(Exercise input Opens)

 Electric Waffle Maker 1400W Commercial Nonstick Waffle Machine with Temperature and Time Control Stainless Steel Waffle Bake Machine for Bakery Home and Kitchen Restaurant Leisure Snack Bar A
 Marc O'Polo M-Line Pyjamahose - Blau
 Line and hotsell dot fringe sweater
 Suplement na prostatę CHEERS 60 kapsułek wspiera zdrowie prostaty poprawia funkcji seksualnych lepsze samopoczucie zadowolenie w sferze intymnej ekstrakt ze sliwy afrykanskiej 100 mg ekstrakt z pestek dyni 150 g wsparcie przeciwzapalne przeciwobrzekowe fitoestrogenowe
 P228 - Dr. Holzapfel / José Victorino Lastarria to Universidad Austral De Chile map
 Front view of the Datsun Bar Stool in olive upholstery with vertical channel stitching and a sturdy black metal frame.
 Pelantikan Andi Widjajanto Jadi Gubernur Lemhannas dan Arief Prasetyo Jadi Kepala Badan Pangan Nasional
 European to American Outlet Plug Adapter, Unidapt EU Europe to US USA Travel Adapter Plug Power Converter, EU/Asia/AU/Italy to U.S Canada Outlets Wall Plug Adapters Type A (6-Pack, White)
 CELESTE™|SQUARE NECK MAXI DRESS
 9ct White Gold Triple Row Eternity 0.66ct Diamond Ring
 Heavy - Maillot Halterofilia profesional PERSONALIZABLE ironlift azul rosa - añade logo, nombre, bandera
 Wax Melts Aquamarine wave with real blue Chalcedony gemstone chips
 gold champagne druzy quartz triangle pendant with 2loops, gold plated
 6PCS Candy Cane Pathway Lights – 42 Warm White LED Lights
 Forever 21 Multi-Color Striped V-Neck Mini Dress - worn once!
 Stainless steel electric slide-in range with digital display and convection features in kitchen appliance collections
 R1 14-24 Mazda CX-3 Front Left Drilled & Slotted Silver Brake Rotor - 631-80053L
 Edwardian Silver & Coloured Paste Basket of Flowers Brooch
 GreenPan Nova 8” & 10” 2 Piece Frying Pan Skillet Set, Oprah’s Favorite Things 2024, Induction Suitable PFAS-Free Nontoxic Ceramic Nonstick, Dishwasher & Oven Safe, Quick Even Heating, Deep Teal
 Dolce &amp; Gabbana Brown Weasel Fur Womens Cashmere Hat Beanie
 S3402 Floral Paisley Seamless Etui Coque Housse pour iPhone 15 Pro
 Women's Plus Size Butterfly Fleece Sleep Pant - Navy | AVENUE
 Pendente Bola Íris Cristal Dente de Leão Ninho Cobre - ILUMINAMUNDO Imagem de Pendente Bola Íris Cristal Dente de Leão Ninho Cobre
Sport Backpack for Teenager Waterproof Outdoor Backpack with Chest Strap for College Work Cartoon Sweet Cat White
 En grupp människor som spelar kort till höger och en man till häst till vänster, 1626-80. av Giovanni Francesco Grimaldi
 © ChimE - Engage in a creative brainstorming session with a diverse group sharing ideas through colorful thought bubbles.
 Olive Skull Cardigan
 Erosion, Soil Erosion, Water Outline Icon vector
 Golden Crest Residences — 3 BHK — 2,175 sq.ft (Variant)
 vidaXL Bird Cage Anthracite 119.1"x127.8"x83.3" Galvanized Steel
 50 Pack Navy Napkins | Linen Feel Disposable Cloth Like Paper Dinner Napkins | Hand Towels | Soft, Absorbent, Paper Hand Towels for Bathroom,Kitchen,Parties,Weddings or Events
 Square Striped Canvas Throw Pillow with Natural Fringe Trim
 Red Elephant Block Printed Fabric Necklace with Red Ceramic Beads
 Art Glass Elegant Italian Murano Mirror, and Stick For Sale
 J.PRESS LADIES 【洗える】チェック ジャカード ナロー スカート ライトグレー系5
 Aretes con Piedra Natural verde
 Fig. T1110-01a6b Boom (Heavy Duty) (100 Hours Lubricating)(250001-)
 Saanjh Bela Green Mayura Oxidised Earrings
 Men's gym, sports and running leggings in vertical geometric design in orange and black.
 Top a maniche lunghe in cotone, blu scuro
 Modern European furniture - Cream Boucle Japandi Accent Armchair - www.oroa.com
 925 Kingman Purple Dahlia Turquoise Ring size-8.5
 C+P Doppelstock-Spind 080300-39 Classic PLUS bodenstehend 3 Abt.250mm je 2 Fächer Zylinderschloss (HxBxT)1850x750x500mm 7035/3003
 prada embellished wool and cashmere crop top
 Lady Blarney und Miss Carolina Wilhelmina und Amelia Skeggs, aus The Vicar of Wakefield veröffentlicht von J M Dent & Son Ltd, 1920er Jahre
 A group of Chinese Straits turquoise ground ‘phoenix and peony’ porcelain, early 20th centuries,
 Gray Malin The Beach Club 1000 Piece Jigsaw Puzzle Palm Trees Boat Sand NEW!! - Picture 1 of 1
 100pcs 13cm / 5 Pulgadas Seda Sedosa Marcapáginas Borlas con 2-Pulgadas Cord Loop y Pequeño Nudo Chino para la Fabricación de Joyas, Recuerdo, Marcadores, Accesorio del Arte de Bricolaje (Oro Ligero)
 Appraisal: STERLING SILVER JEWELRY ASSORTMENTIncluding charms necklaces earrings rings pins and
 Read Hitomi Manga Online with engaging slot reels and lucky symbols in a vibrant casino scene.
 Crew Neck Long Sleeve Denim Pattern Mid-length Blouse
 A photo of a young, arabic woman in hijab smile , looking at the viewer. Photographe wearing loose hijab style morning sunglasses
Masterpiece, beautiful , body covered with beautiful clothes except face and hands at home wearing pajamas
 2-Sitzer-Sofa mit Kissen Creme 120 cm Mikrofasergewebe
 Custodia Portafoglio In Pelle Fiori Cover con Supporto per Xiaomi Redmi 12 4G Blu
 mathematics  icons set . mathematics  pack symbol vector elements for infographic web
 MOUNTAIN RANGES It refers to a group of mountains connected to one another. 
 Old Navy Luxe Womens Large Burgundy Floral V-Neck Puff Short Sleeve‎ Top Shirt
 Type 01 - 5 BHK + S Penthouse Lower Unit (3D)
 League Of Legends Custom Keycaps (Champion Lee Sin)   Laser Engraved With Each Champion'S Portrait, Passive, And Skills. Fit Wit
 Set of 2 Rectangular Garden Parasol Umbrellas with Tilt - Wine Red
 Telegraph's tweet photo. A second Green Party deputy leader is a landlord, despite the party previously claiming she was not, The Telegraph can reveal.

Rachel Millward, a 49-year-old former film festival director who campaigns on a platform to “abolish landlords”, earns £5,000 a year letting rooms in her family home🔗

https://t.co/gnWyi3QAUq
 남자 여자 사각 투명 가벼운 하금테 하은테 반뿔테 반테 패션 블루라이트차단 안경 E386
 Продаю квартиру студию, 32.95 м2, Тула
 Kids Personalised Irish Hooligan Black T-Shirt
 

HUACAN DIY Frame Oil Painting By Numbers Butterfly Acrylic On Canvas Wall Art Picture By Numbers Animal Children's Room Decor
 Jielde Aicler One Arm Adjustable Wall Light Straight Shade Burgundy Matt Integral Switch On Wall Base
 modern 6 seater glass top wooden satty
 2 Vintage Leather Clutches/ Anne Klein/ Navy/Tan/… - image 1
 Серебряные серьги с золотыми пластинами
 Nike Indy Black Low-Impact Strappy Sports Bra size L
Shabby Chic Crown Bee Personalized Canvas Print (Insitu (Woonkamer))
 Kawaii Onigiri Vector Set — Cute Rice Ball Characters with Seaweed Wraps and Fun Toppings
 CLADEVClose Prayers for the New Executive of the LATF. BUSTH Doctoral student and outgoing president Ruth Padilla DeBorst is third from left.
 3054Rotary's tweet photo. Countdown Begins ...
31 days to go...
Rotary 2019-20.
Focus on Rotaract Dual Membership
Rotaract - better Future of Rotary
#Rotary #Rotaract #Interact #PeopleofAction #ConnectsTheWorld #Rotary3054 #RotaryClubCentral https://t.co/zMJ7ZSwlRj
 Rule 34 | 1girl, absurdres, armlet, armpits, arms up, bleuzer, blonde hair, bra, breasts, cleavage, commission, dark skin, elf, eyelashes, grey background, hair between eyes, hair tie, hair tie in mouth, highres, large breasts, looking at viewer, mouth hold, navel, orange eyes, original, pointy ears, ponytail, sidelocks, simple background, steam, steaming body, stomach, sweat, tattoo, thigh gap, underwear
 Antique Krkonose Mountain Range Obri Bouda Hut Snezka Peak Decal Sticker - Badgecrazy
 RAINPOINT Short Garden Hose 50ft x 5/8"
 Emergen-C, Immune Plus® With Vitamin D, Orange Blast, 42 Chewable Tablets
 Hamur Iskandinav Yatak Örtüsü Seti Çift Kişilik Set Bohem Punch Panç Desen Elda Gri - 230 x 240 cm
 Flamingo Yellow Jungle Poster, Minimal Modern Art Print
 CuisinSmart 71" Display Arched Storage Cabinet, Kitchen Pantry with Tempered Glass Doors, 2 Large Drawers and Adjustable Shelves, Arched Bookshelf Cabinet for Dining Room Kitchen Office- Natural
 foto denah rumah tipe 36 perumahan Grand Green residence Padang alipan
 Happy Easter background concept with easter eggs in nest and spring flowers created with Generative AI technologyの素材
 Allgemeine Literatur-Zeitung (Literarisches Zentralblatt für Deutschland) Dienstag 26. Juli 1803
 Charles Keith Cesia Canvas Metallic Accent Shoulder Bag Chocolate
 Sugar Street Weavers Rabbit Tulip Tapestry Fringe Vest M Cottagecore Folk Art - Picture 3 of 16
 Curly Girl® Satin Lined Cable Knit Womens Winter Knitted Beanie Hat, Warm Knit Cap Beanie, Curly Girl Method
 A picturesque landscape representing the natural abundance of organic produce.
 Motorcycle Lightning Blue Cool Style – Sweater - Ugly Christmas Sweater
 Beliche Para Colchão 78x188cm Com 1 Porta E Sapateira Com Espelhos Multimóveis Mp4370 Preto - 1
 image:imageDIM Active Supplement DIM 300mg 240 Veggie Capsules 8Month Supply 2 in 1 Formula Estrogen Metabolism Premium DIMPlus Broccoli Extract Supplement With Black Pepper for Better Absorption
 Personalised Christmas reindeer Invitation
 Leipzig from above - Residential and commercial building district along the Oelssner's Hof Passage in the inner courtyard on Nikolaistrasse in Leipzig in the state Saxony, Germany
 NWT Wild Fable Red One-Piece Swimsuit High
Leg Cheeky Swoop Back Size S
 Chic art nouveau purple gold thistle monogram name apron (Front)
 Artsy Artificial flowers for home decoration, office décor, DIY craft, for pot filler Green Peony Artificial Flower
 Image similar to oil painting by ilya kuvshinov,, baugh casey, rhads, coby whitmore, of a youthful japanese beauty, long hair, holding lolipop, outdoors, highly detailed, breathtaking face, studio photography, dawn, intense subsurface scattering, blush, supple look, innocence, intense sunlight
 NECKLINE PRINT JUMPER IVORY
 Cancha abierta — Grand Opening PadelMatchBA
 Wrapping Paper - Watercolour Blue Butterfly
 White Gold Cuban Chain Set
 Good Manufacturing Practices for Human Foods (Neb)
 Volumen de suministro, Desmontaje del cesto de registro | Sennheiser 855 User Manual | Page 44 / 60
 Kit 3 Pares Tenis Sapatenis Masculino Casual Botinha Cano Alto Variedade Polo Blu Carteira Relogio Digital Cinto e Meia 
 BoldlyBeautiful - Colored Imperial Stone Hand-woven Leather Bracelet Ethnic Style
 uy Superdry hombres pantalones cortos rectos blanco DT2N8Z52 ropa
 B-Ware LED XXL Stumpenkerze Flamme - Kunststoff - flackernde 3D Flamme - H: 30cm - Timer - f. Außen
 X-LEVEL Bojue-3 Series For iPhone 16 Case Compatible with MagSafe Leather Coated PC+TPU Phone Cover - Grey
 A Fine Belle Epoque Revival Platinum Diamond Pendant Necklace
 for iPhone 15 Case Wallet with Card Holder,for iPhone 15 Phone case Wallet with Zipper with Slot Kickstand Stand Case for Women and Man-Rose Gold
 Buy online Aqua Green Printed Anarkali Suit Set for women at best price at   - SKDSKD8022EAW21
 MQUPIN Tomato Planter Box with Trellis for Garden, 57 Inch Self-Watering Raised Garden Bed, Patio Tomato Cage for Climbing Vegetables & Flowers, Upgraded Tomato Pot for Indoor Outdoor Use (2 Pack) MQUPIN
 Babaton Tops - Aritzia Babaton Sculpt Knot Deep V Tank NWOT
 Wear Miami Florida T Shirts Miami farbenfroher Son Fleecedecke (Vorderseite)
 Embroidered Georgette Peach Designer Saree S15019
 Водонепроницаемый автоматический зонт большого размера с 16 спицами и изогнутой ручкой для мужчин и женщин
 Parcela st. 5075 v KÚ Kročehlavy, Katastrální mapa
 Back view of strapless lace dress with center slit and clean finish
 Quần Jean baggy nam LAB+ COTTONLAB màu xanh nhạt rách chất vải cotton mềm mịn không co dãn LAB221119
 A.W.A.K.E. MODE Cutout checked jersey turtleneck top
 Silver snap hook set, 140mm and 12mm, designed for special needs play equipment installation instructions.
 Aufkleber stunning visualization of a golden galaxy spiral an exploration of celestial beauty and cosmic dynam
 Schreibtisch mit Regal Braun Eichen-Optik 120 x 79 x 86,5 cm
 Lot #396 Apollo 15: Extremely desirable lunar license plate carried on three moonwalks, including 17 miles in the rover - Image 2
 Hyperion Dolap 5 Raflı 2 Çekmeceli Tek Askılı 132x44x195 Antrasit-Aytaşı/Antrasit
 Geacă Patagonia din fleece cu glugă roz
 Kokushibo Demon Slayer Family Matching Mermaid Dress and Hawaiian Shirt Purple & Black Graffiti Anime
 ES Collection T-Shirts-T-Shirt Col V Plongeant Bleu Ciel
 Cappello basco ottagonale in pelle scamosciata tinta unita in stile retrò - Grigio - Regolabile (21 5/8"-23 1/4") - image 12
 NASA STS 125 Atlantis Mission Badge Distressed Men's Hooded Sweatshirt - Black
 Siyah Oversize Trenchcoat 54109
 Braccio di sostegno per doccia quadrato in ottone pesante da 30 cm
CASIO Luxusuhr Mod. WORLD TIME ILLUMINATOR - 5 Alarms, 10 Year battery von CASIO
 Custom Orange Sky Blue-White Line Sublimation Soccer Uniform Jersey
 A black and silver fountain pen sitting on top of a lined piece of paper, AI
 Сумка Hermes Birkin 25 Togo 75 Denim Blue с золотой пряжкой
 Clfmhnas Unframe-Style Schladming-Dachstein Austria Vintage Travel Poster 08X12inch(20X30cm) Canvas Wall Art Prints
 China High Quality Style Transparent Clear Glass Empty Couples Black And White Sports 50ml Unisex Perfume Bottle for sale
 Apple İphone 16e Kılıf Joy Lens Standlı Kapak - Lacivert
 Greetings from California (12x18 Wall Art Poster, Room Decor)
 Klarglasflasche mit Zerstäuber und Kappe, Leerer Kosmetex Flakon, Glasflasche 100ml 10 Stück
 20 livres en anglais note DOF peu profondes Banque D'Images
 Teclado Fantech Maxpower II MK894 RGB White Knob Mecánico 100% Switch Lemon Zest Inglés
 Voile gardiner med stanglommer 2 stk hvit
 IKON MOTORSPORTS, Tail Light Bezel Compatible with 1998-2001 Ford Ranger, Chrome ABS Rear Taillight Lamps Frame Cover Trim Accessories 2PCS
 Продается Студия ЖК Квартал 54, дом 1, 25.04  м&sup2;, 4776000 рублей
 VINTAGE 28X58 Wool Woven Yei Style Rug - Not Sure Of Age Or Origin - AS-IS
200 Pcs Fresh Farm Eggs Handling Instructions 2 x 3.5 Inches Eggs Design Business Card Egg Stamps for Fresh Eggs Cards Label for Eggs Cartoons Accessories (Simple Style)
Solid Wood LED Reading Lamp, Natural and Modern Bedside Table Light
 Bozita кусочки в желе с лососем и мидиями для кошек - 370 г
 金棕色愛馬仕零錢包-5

(Exercise input Closes)

Nothing but an exact copy of the lines from the start of the entries through the line containing "Women's Plus Size" belongs in the response.

Response box ->
 Electric Waffle Maker 1400W Commercial Nonstick Waffle Machine with Temperature and Time Control Stainless Steel Waffle Bake Machine for Bakery Home and Kitchen Restaurant Leisure Snack Bar A
 Marc O'Polo M-Line Pyjamahose - Blau
 Line and hotsell dot fringe sweater
 Suplement na prostatę CHEERS 60 kapsułek wspiera zdrowie prostaty poprawia funkcji seksualnych lepsze samopoczucie zadowolenie w sferze intymnej ekstrakt ze sliwy afrykanskiej 100 mg ekstrakt z pestek dyni 150 g wsparcie przeciwzapalne przeciwobrzekowe fitoestrogenowe
 P228 - Dr. Holzapfel / José Victorino Lastarria to Universidad Austral De Chile map
 Front view of the Datsun Bar Stool in olive upholstery with vertical channel stitching and a sturdy black metal frame.
 Pelantikan Andi Widjajanto Jadi Gubernur Lemhannas dan Arief Prasetyo Jadi Kepala Badan Pangan Nasional
 European to American Outlet Plug Adapter, Unidapt EU Europe to US USA Travel Adapter Plug Power Converter, EU/Asia/AU/Italy to U.S Canada Outlets Wall Plug Adapters Type A (6-Pack, White)
 CELESTE™|SQUARE NECK MAXI DRESS
 9ct White Gold Triple Row Eternity 0.66ct Diamond Ring
 Heavy - Maillot Halterofilia profesional PERSONALIZABLE ironlift azul rosa - añade logo, nombre, bandera
 Wax Melts Aquamarine wave with real blue Chalcedony gemstone chips
 gold champagne druzy quartz triangle pendant with 2loops, gold plated
 6PCS Candy Cane Pathway Lights – 42 Warm White LED Lights
 Forever 21 Multi-Color Striped V-Neck Mini Dress - worn once!
 Stainless steel electric slide-in range with digital display and convection features in kitchen appliance collections
 R1 14-24 Mazda CX-3 Front Left Drilled & Slotted Silver Brake Rotor - 631-80053L
 Edwardian Silver & Coloured Paste Basket of Flowers Brooch
 GreenPan Nova 8” & 10” 2 Piece Frying Pan Skillet Set, Oprah’s Favorite Things 2024, Induction Suitable PFAS-Free Nontoxic Ceramic Nonstick, Dishwasher & Oven Safe, Quick Even Heating, Deep Teal
 Dolce &amp; Gabbana Brown Weasel Fur Womens Cashmere Hat Beanie
 S3402 Floral Paisley Seamless Etui Coque Housse pour iPhone 15 Pro
 Women's Plus Size Butterfly Fleece Sleep Pant - Navy | AVENUE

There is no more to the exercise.